The rapper did outlive and outshine all other elements in the hiphop realm. Indeed, one can argue that the rapper is all that remains, and the other forms (turntablism, dancing, writers) have all become historical, frozen in time like the lost-and-found pop objects in the EMP. The rappers ended up stars because they offered something we love to consume: a personality. More than poetry or intelligence, central to the success of the rapper was the formation and eventual marketing of an original personality.

This is why we know who Busta Rhymes is and have no clue who "Sweet Daddy" Sammy B is. "Sweet Daddy" Sammy B was the DJ for the Jungle Brothers, and is now forgotten not because his band fell apart, but because DJs don't assert their personalities. DJs don't need a personality; they deal with machines and not with people. At hiphop shows, the DJ is always deep in the background messing with objects: record containers, records, turntables, mixer knobs, and DAT decks. Everyone, however, knows who Busta Rhymes is: He's a superstar who has made a career out of promoting and refining his extreme personality, his eccentric presence.

Once a member of a Long Island rap group composed of three personalities--Leaders of the New School--Busta Rhymes arrived at celebrity at the very end of A Tribe Called Quest's "Scenario." The track presented six rappers who, in steady succession, said where they're from, what they're about, what they thought about the world and women, and so on. The most striking personality on "Scenario" was Busta Rhymes; he delivered the loudest, most extreme, and most aggressive performance. Indeed, how could anyone miss or even forget a rapper who could "RRRRRROAW RRRRRRROAW like a dungeon dragon"?

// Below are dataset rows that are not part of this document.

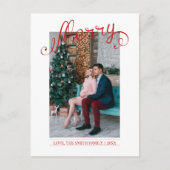 Red Merry Script | Christmas Holiday Photo ポストカード (正面)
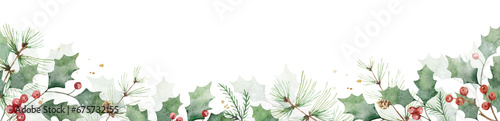 Watercolor Christmas border with green leaves. Banner for greeting cards, New year invitations, wedding. Hand painted pine tree branches, holly, red berries.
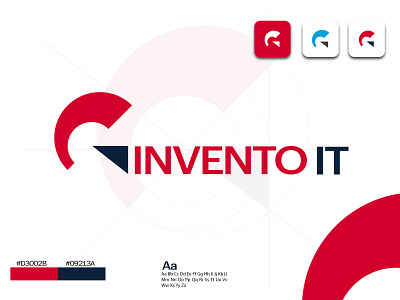 INVENTO IT LOGO brand identity branding design graphic design illustration inventoit itcompanylogo logo management software company red colour logo shamiul software company logo typography vector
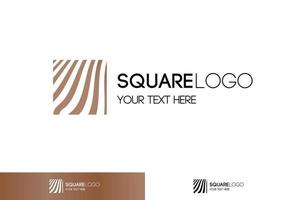 Vector gold linear logo square shape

If the mode of some rappers is to walk the "thin line between rap and reality," as Smiff-N-Wesson put it in "Stand Strong," then Busta Rhymes' mode is to walk the thin line between rap and insanity. He is not the first to define his rap personality in this way (before Busta Rhymes there was crazy Flavor Flav of Public Enemy). Nor is he the most accomplished at expressing all of the wild possibilities of this type of rap personality (Ol' Dirty Bastard of Wu-Tang Clan has that honor). But he has been commodified and marketed better than anyone else, including Mystikal, his archrival.

After his first and best CD, The Coming (1996), Busta Rhymes dissolved into a mess of guest appearances. His exuberant personality became a hot item, and he eagerly sold it to anyone who could afford it. But then again, it's not fair to be critical of Busta's unwavering commitment to the art of guest-appearing, because, obviously, his stardom was established by a guest appearance on "Scenario." So teaming up with Janet Jackson, TLC, LL Cool J, Boyz II Men, and Ozzy Osbourne--to name a pitiful few--was the most practical thing for him to do.

Busta Rhymes is now making a serious effort to launch his personality to the next level: Hollywood. But he has yet to meet success. When outside the fluid medium of music, his personality ends up nothing more than that of a dry sidekick, as has been his fate in such films as The Rugrats Movie, Shaft, and Finding Forrester. Busta Rhymes' personality has its limits: It can't prosper in books, video games, or cinema; it can only be sustained and projected by music, hiphop music.